Als Vergleich zur Schwimmausbildung in Stuttgart wurden die Städte Mannheim und Ulm herangezogen:

Schwimmausbildung an den Grundschulen in Mannheim

Es gibt in Mannheim 5 Hallenbäder und 2 Lehrschwimmbecken. Nach den Vorgaben im Bildungsplan wären innerhalb der Grundschulen 55 Schwimmstunden zu erteilen. Als besondere Regelung gilt: Alle 3. Grundschulklassen erhalten das ganze Schuljahr über von 3 nach dem Bildungsplan vorgesehenen Stunden 2 Schwimmstunden pro Woche. Die reine Wasserzeit beträgt 30 Minuten, der Rest ist Umkleide- und Wegezeit. De facto erhalten die 1., 2. und 4. Klassen keinen Schwimmunterricht.
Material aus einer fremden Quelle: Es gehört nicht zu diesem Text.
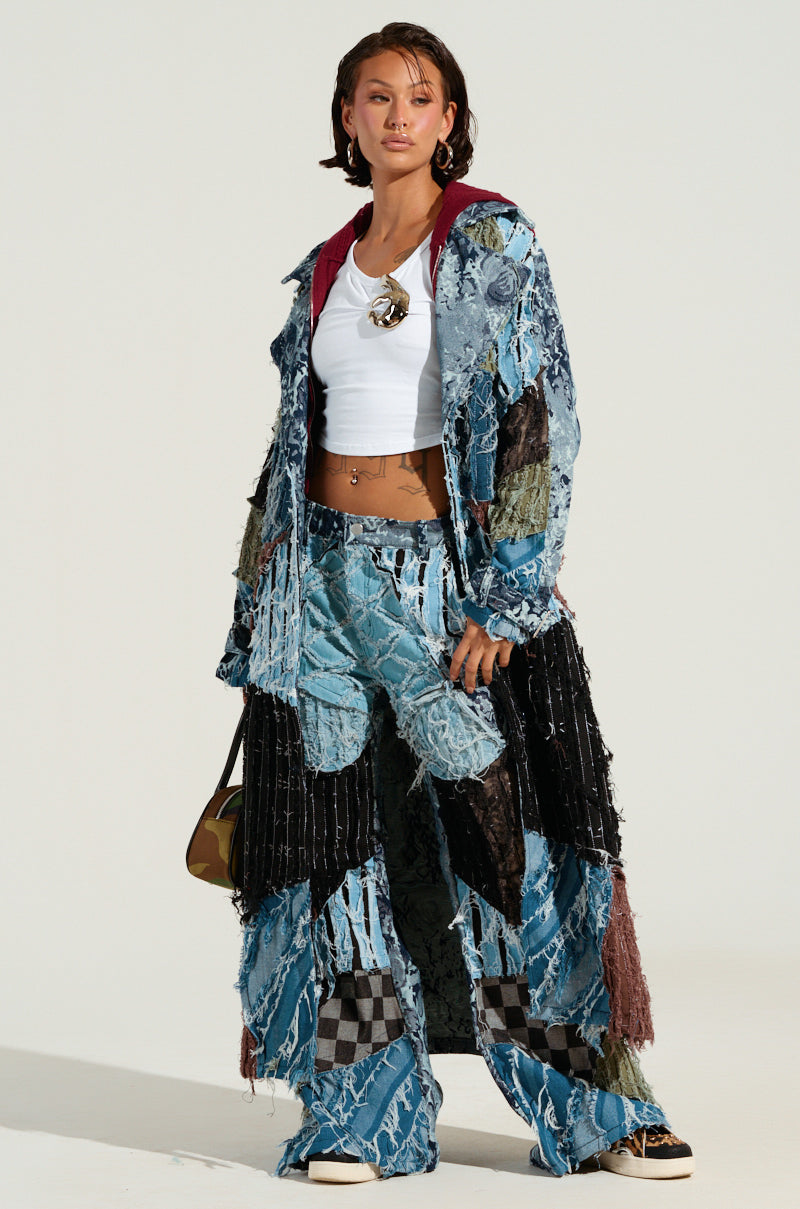 Dressed in the RONNY PATCHWORK DENIM coat and pants, paired with a chic white crop top, an individual highlights a blend of denim shades and patterns with a distressed design. Their look is completed by short hair, statement earrings, and a petite bag against a simple backdrop.
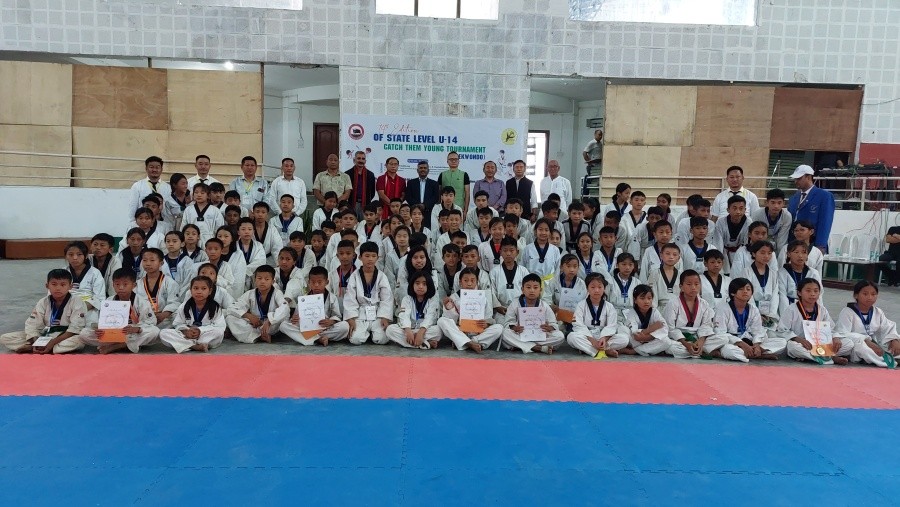 Dignitaries with the winners and participants of the 14th edition of State level U-14 Catch them Young Tournament (Taekwondo) at Indira Gandhi Stadium Kohima on July 20.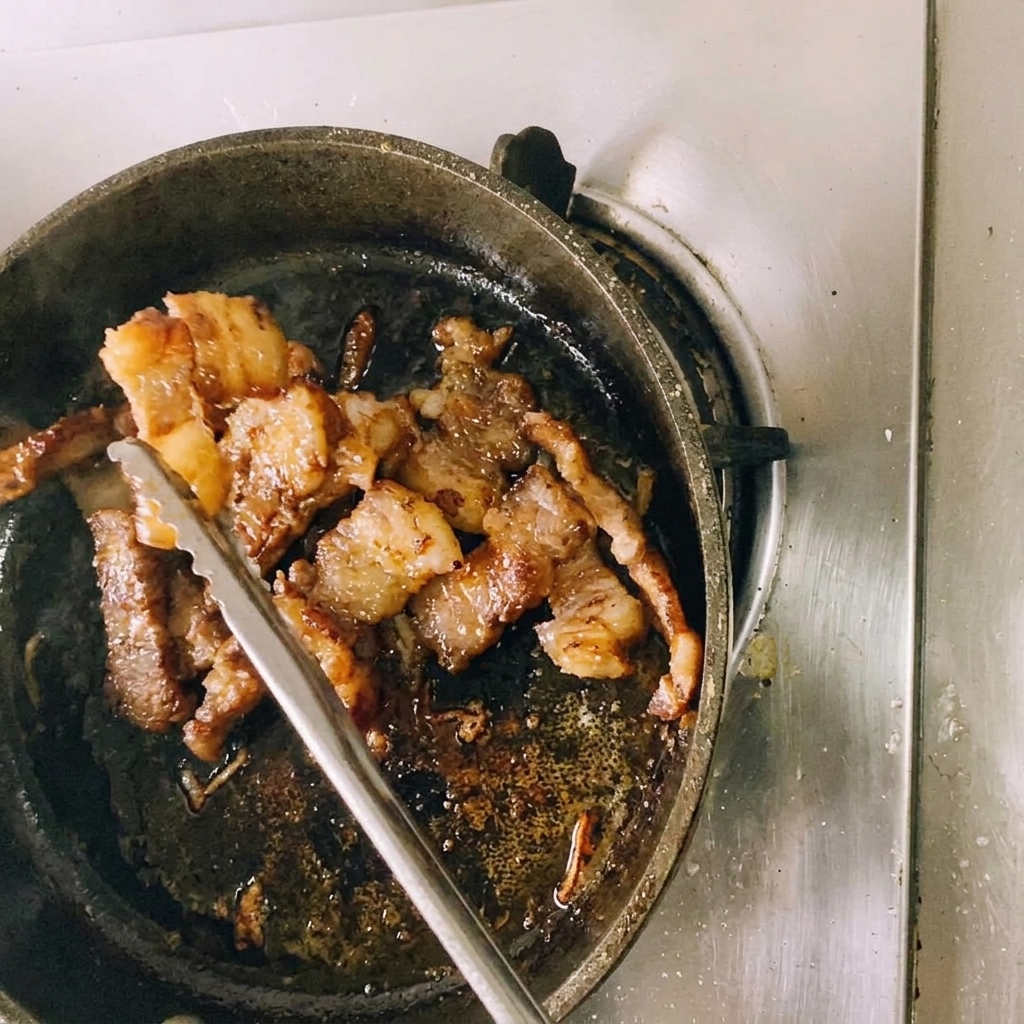 A pair of metal kitchen tongs holding up a piece of seared, browned beef while cutting it into smaller portions over the frying pan.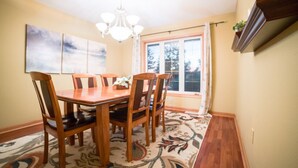 A dining room with a wooden table and chairs, a chandelier, a large window with curtains, and a wall-mounted shelf with a plant. - The Lakeside Retreat (Aberdeen)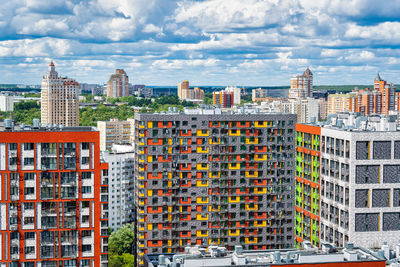 Buildings in city against sky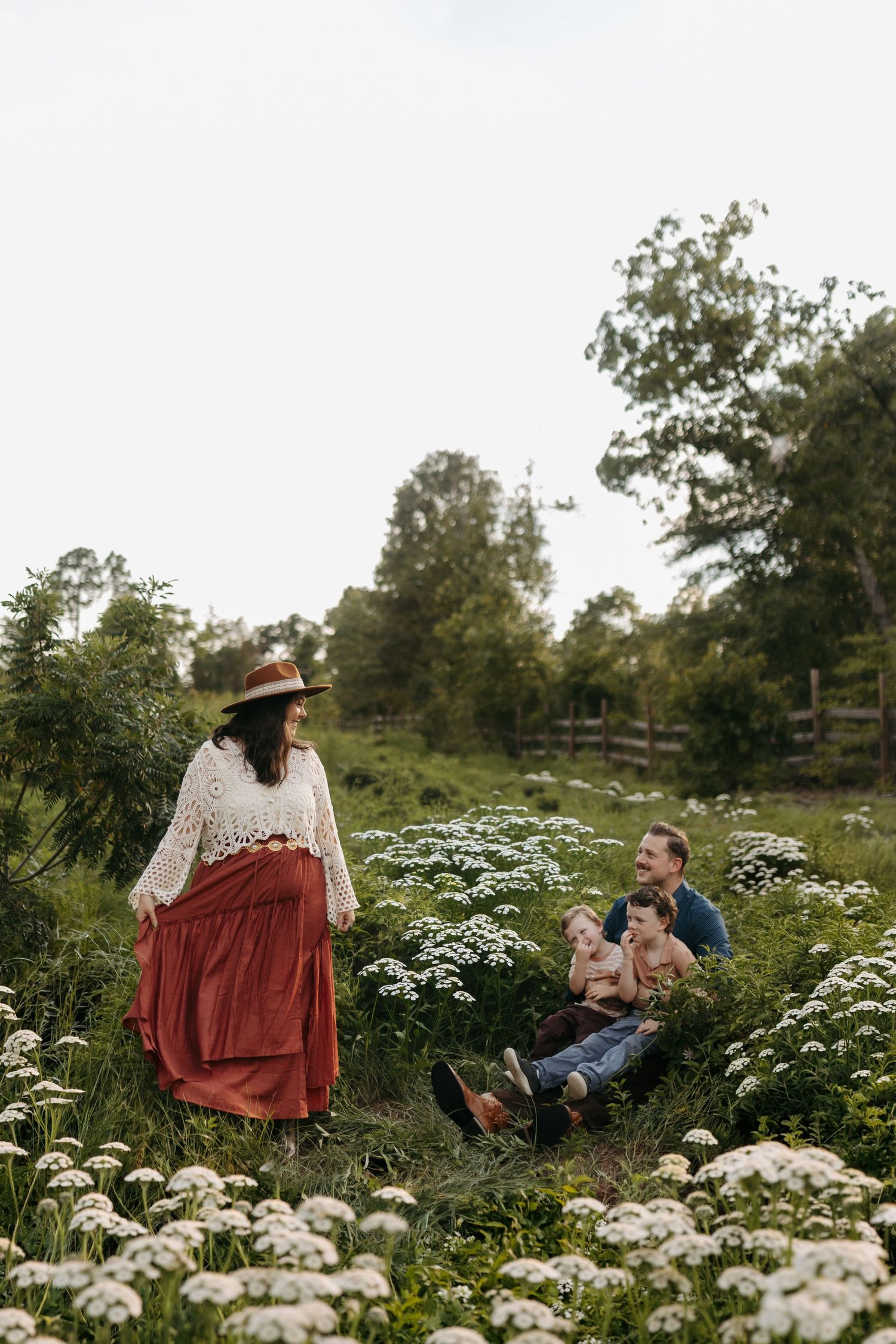 A bohemian family sits among wildflowers in a lush green field, with a woman in a red skirt and hat smiling at her partner and two babies.
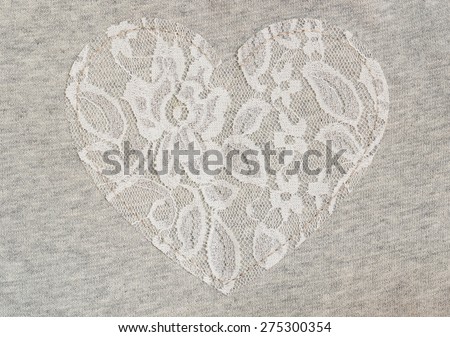 Gray jersey fabric with white lace heart for background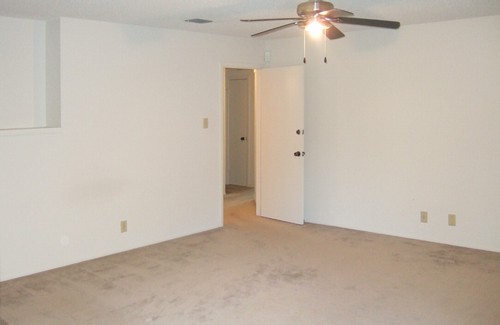 master bedroom with art niche and private master bath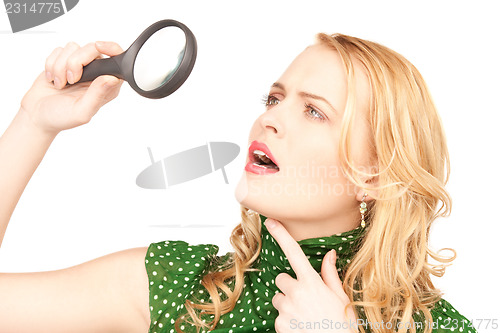 Image of woman with magnifying glass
Zwei Hallenbäder schließen am 1. Mai jeden Jahres bis zum Abschluss der Sommerferien Anfang September ihre Pforten. Für die davon betroffenen Grundschulen gibt es alternativ Ersatzunterricht (zwei Schulen in einem Hallenbad) oder im 14-tägigem Wechsel fallen zwei Schwimmstunden aus oder es findet überhaupt kein Schwimmunterricht statt. Eintritt für die Hallenbäder wird von den Schüler/innen nicht erhoben. Die Stadt zahlt darüber hinaus den Bustransfer und stellt die Hallenzeiten bereit.

Haupt- und Realschulen
(7 Grund- und Hauptschulen, 11 reine Hauptschulen, 3 Haupt- und Realschulen, 7 reine RS)
An zwei Haupt- und an zwei Realschulen findet Schwimmunterricht statt. Alle anderen schulischen Einrichtungen erhalten keinen Schwimmunterricht.

Gymnasien
Die meisten Mannheimer Schulen erteilen Schwimmunterricht in der Unterstufe oder Anfang der Mittelstufe (6., 7. oder 8. Klasse) und in der Oberstufe im Kurssystem. Die dazu von der Stadt Mannheim bereitgestellten Hallenbäderbenutzungszeiten werden maximal genutzt, d. h., meistens sind zwei Klassen (ca. 50 bis 60 Schüler) pro Schwimmstunde zusammen im Hallenbad. Aus organisatorischen Gründen sind sogar oft Schüler von zwei verschiedenen Schulen zur gleichen Zeit im Hallenbad.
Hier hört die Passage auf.